### Directions for this task
Copy the data exactly, pictures aside.

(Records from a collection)
+++
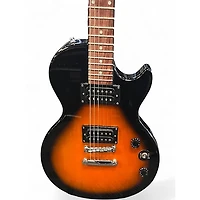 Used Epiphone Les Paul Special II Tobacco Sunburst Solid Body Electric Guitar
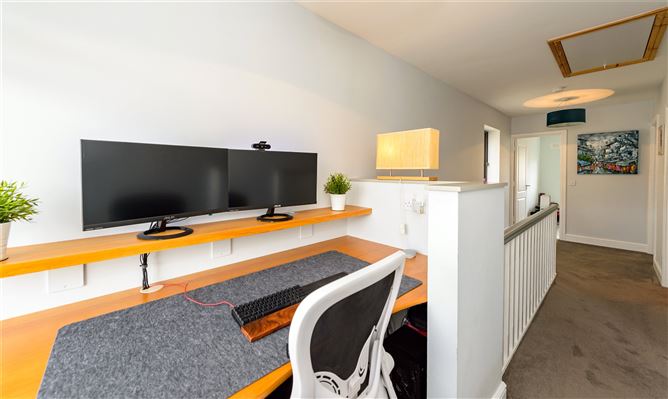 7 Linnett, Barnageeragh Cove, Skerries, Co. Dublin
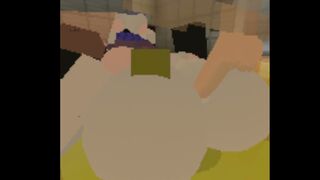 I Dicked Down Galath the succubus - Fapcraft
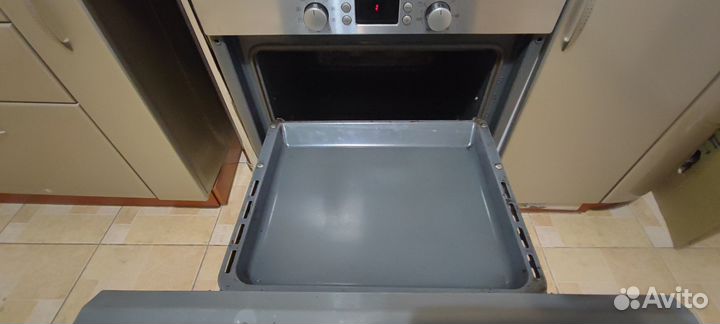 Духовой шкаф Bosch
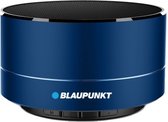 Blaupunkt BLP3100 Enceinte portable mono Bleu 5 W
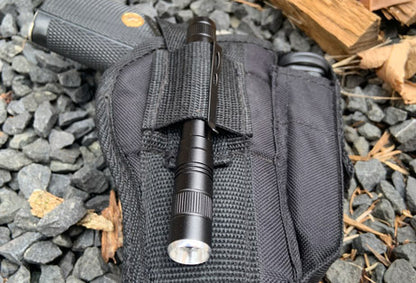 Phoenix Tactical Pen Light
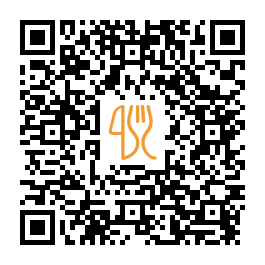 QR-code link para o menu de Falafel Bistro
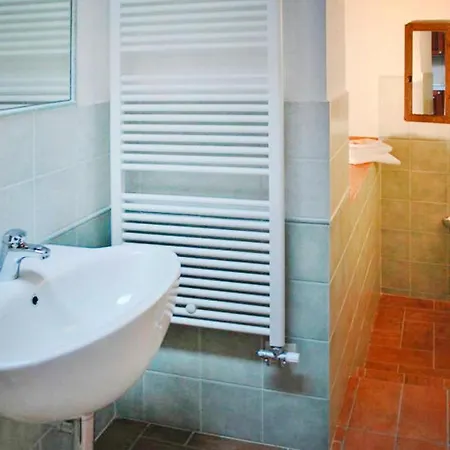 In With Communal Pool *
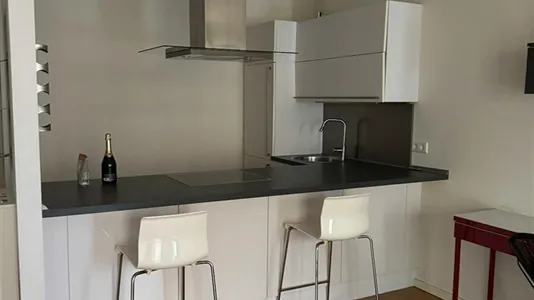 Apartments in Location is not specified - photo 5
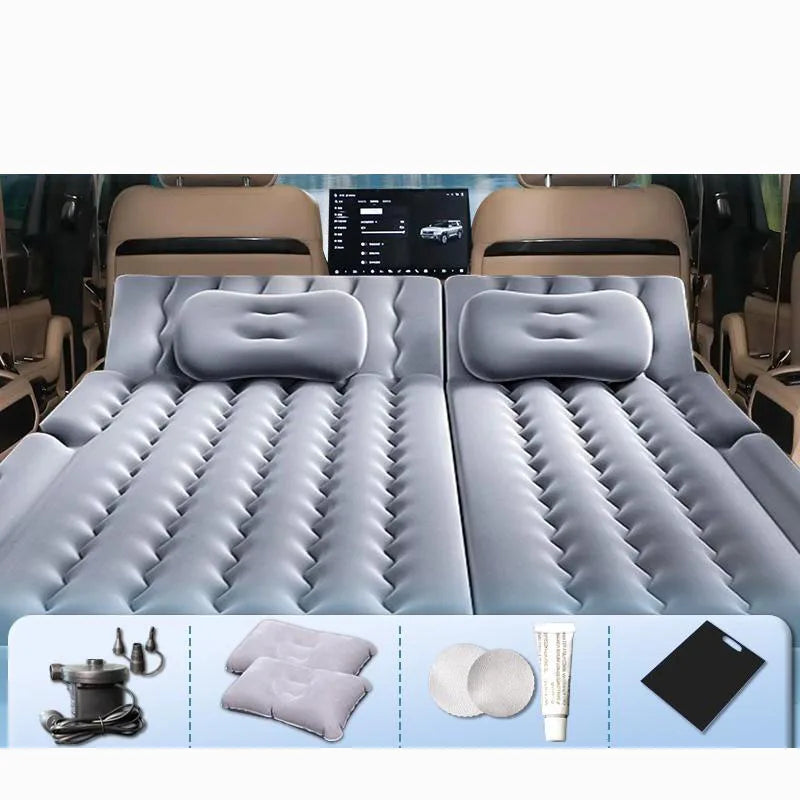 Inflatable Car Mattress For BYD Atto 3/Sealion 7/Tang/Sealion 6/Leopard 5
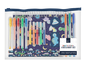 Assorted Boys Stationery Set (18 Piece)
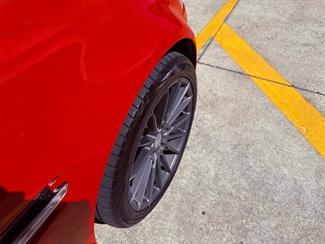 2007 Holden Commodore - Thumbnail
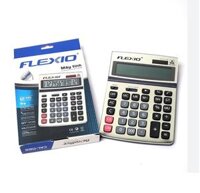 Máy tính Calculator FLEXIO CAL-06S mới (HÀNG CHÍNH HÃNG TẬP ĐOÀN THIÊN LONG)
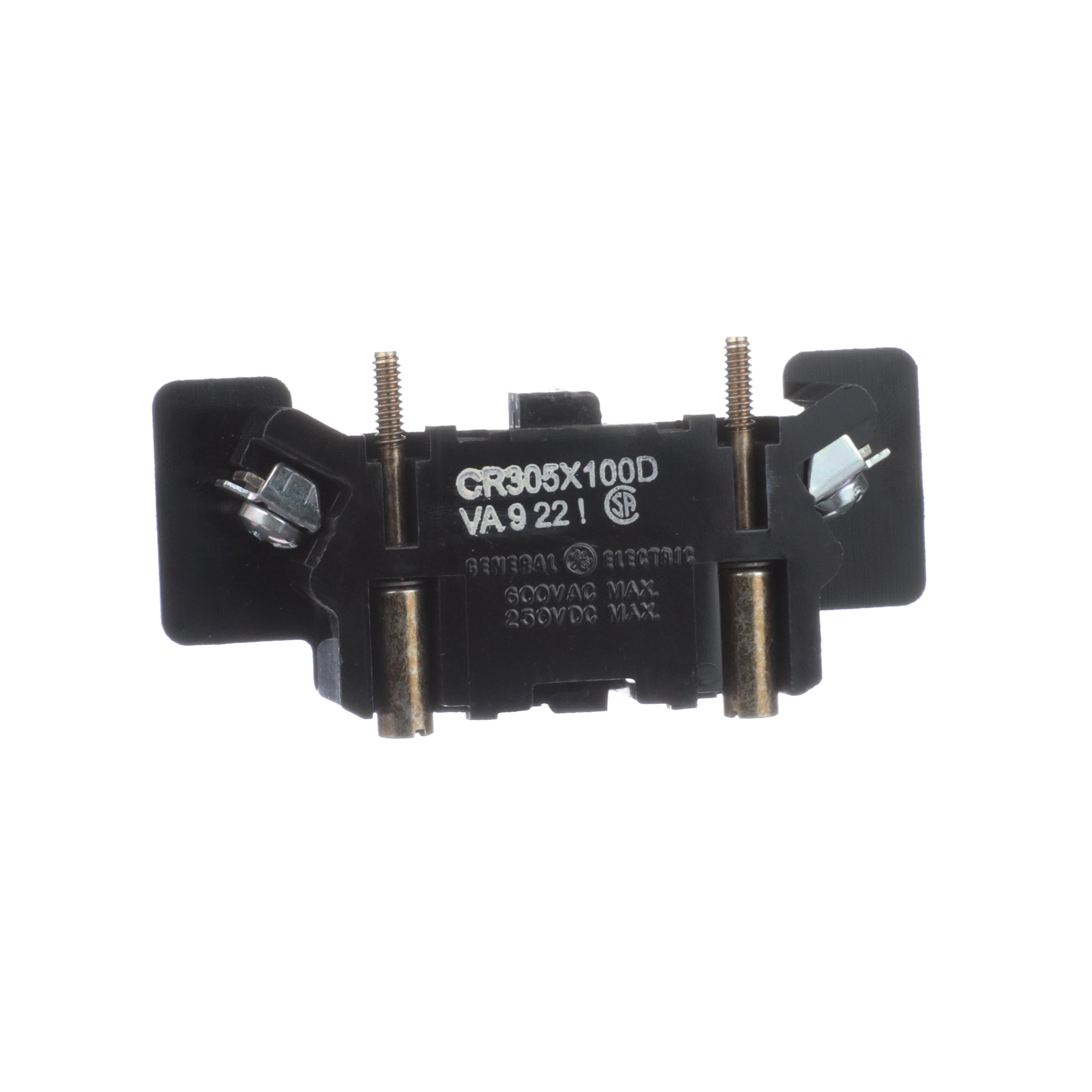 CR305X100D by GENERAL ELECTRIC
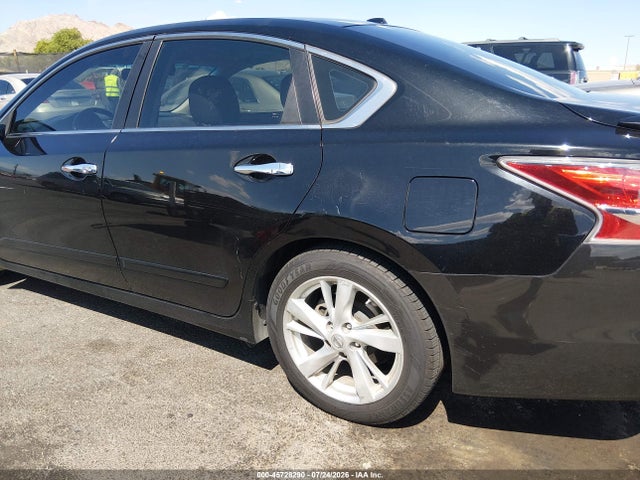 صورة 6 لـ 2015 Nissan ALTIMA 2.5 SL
+++
### Result
 Used Epiphone Les Paul Special II Tobacco Sunburst Solid Body Electric Guitar
 7 Linnett, Barnageeragh Cove, Skerries, Co. Dublin
 I Dicked Down Galath the succubus - Fapcraft
 Духовой шкаф Bosch
 Blaupunkt BLP3100 Enceinte portable mono Bleu 5 W
 Phoenix Tactical Pen Light
 QR-code link para o menu de Falafel Bistro
 In With Communal Pool *
 Apartments in Location is not specified - photo 5
 Inflatable Car Mattress For BYD Atto 3/Sealion 7/Tang/Sealion 6/Leopard 5
 Assorted Boys Stationery Set (18 Piece)
 2007 Holden Commodore - Thumbnail
 Máy tính Calculator FLEXIO CAL-06S mới (HÀNG CHÍNH HÃNG TẬP ĐOÀN THIÊN LONG)
 CR305X100D by GENERAL ELECTRIC
 صورة 6 لـ 2015 Nissan ALTIMA 2.5 SL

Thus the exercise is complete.